Inhalt
Pippa Lee ist perfekt. Das zumindest glauben ihr Mann Herb und viele gemeinsame Freunde, die ihre unerschütterliche Gelassenheit im Familienalltag bewundern. Doch die sanftmütige zweifache Mutter verbirgt eine wilde, problematische Vergangenheit und Unzufriedenheit über ein Leben, das mit einem 30 Jahre älteren Mann in völliger Selbstaufgabe zu enden droht. Als Pippa Chris kennenlernt, dessen Dasein wie das ihre in einer Sackgasse steckt, beginnt sie über Veränderung nachzudenken und findet sich dabei selbst.
Kritik
Das Leben der Titelheldin (Robin Wright Penn) von Rebecca Millers unentschlossener Komödie ist perfekt. Aber irgendwie ist es auch die Hölle. Das wird der idealen Gattin, Hausfrau und Mutter klar, als sie eines Tages den Schokoladenkuchen aufgefuttert findet. Das waren weder Diebe, die das makellose Ruhestandsheim in einer vornehmen Siedlung eingebrochen sind, noch Pippas ältlicher Ehemann Herb (Alan Arkin). Das sind die existenziellen Probleme, mit denen die Figuren den tempoarmen Plot vor dem Stillstand bewahren. Bevor die Spannung ins unerträglich steigt, kommt der Schoko-Schock: Pippa selbst, die „Ikone einer Künstlergattin“, wie sie ein Freund nennt, schlafwandelt plötzlich und stört das eintönige Idyll mit nächtlichen Aktionen. Man muss nicht Freud sein, um zu ahnen, dass da unterdrückte Gelüste im Unterbewusstsein gären und chaotische Triebe sich Bahnbrechen.
Die Eskapaden wecken Pippas Erinnerungen an ihre ungestüme Zeit als Teenager (Blake Lively) und ihre tablettenabhängige Mutter Suky (Maria Bello). Ihr altes Ich macht sich plötzlich wieder bemerkbar. Obendrein tritt der tätowierte Bad-Boy-Nachbar Chris in Pippas Leben. Wird Pippa sagen: Geh weg, junger wilder Keanu Reeves, ich mag lieber meinen langweiligen Pappityp Alan Arkin? Jeder Mensch führe mehrere Leben, sagt die Protagonistin einmal.

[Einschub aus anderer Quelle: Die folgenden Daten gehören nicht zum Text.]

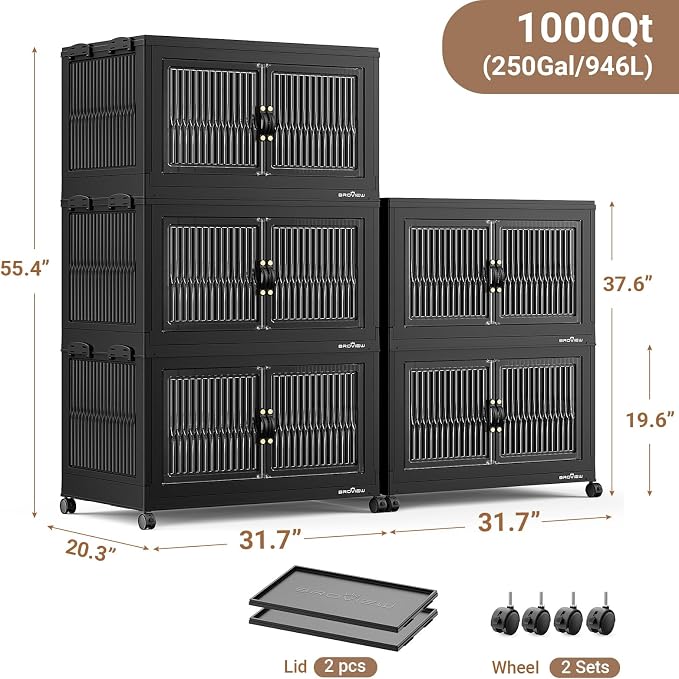 BROVIEW 1000QT Extra Large Stackable Storage Bins with Lids, 5Pack Black | 250Gal Plastic Collapsible Cabinets Containers, Wheels & PET Doors, Foldable Closet Organizers Drawers for Office, Dorm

Doch die Privatleben der Pippa Lee, die der Originaltitel ansagt, sind banale Stationen eines Spießerlebens, inklusive der obligatorischen phasenweisen Rebellion dagegen. Die Regisseurin stellt das als abenteuerliche völlig andere Leben hin, alle anderen nennen es einfach Pubertät und Midlife-Crisis. Mehr Kontur bekommt die Pippas Persönlichkeit dadurch nicht. Sie sei ein Rätsel, heißt es von ihr. Und das bleibt sie bis zuletzt, wenn auch kein sonderlich Spannendes. Mehr Neugier als die Rückblicke in ihre Vergangenheit weckt ihr chronischer Selbstbetrug. „The Private Lies of Pippa Lee“ wäre ein passenderer Filmtitel. Selbsttäuschung grassiert in der heilen Vorstadtwelt gleich einer Epidemie.
Pippas Kinder scheinen ihre Mutter insgeheim zu verachten und ihre Freunde für ihren Mangel an Individualität zu bemitleiden. Sogar Herb fühlt sich von ihrer Makellosigkeit und Fürsorge erstickt und tröstet sich mit Pippas Bekannten Sandra (Winona Ryder). Doch für einen bissigen Blick auf die Heucheleien des biederen Elitelebens fehlt Miller der Mut. Unfreiwillig verrät die Darstellung von Pippas wilder Zeit mehr über amerikanisches Spießbürgertum als die Haupthandlung. Ein paar sexuelle Experimente, bunte Pillen und Großstadtlichter sollen die Zuschauerfantasie anregen und schaffen doch nur Klischees. Ein bisschen infantiler Wankelmut soll einem als impulsive Abenteuerlust verkauft werden – vermutlich, damit sich das Zielpublikum aus etwa der gleichen Gesellschaftsklasse wie die Heldin so richtig rebellisch fühlen kann. Nachdem die Familie sie nicht mehr braucht , wagt die Hauptfigur einen Ausbruch, der der keiner mehr ist. Von Reeves erstem Auftritt an ist klar, dass am Ende mit ihm ein weiteres Leben der Pippa Lee beginnt. Anschaubar ist die Dramödie allein dank des Ensembles, das besser ist, als die triviale Romanverfilmung verdient
Fazit
Die Stärke der flatterhaften Episode ist ihr fast schon trashiger Humor, ihre größte Schwäche die Furcht davor, das im Film abgebildete Milieu ernsthaft zu kritisieren. „Highbrow for lowbrows, lowbrow for highbrows“ beschreibt Herb in einer Szene ein Buch und trifft damit den Kern der papierdünnen Handlung.